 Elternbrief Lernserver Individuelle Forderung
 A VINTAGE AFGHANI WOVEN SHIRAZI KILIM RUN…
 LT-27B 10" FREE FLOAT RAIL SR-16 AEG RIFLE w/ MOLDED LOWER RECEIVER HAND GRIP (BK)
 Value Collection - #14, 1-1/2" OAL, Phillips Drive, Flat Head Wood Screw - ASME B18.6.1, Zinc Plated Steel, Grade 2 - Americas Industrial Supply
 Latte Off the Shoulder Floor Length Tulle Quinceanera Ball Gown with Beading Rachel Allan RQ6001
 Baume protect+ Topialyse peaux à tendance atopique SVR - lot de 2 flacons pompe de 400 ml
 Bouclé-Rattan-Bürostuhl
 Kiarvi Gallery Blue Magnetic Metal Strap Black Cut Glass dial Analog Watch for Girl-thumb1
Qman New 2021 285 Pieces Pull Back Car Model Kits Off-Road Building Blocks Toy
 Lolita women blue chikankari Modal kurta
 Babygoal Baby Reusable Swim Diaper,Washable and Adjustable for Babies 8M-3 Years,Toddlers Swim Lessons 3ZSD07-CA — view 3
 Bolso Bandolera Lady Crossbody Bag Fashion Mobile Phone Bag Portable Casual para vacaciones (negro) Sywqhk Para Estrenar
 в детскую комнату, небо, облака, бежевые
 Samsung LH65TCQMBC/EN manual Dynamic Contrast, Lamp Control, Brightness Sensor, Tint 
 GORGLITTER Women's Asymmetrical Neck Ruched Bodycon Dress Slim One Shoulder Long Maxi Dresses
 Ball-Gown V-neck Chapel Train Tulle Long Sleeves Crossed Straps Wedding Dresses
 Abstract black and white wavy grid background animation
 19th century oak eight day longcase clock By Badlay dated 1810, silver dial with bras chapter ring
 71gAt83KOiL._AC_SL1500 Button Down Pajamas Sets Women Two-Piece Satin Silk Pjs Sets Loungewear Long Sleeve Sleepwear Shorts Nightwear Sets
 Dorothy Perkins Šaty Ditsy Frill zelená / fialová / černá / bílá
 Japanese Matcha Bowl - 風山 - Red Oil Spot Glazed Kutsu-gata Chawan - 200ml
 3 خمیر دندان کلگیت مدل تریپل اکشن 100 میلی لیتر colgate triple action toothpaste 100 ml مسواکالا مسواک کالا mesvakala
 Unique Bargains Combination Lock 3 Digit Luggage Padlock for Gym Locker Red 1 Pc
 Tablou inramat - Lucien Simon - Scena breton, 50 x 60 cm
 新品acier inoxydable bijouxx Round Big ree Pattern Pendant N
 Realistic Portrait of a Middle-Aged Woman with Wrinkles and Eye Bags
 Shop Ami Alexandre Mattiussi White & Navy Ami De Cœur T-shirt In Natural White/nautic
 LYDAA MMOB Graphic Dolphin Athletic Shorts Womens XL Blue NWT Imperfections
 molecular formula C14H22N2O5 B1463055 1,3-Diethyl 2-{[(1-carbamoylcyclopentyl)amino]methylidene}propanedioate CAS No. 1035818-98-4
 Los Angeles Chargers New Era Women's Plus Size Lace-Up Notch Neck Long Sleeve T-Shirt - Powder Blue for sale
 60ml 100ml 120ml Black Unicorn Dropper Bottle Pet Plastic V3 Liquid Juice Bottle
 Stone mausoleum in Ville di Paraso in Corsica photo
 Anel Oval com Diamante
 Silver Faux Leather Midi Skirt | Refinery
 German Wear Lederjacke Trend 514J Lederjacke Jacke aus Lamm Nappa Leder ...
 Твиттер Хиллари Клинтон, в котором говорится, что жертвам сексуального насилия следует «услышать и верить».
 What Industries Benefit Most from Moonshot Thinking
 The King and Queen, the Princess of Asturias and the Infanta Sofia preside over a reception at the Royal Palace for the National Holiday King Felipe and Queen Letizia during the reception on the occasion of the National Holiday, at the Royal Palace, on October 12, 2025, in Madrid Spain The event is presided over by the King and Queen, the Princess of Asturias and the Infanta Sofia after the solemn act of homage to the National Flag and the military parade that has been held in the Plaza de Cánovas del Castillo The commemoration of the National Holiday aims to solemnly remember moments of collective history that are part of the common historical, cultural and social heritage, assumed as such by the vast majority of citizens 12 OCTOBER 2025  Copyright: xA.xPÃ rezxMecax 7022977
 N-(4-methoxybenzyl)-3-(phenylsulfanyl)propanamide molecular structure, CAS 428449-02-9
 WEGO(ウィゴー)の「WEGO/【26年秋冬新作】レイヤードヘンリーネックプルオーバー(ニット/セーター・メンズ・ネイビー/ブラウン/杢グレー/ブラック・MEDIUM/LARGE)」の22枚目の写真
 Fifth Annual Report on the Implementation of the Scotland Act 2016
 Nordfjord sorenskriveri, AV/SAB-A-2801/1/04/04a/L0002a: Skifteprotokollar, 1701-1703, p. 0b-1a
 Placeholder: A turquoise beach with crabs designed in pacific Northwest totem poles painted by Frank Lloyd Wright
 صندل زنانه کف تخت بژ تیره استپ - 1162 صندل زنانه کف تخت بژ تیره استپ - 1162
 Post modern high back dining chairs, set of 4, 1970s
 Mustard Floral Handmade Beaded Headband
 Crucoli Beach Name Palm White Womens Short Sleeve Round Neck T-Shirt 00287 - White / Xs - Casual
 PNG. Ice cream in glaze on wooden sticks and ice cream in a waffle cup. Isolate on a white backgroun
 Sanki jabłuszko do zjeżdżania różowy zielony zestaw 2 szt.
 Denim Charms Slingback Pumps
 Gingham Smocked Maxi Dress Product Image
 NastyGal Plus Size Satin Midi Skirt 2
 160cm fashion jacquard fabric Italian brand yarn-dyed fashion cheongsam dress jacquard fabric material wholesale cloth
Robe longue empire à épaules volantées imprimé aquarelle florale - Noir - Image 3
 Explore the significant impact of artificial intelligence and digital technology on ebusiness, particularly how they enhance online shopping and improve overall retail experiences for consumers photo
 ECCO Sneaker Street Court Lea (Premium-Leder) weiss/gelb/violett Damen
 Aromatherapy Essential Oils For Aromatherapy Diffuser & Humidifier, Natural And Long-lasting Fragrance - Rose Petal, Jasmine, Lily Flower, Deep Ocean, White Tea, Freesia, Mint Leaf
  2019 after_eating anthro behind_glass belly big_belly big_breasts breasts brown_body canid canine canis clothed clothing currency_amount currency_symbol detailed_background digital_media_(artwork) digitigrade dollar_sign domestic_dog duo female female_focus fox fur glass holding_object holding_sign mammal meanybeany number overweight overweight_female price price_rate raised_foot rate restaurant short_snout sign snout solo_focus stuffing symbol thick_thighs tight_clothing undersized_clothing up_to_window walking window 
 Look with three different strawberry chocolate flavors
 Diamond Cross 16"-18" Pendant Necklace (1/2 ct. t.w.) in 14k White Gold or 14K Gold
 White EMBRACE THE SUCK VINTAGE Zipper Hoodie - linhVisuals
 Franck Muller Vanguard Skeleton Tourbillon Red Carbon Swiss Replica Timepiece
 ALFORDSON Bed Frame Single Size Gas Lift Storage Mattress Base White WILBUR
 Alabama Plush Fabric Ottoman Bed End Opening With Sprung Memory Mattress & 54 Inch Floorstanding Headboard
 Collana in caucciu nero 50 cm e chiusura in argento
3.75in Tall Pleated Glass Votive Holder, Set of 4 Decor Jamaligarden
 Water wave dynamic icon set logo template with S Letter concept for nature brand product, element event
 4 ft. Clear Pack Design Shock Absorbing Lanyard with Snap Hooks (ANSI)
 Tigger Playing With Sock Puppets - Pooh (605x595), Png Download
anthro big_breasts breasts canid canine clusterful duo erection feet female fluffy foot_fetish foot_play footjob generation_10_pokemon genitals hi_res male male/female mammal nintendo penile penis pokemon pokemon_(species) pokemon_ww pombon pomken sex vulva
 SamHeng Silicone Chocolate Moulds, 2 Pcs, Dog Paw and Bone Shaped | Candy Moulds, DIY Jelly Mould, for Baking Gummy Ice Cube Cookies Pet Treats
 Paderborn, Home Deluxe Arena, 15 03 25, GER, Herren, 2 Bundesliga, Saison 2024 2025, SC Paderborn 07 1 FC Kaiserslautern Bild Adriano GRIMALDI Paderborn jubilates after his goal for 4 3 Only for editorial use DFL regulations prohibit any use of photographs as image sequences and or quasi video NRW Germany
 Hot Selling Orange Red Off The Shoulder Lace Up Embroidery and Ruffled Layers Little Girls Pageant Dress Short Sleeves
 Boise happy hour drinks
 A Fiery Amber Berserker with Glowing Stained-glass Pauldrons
■ ■ ■ ■
▶ [Work required]: The entries above hold the needed span. Transcribe exactly the lines from the one with "Ball-Gown V-neck Chapel" to the one with "Japanese Matcha Bowl", both included.

▶ [Your solution]:
 Ball-Gown V-neck Chapel Train Tulle Long Sleeves Crossed Straps Wedding Dresses
 Abstract black and white wavy grid background animation
 19th century oak eight day longcase clock By Badlay dated 1810, silver dial with bras chapter ring
 71gAt83KOiL._AC_SL1500 Button Down Pajamas Sets Women Two-Piece Satin Silk Pjs Sets Loungewear Long Sleeve Sleepwear Shorts Nightwear Sets
 Dorothy Perkins Šaty Ditsy Frill zelená / fialová / černá / bílá
 Japanese Matcha Bowl - 風山 - Red Oil Spot Glazed Kutsu-gata Chawan - 200ml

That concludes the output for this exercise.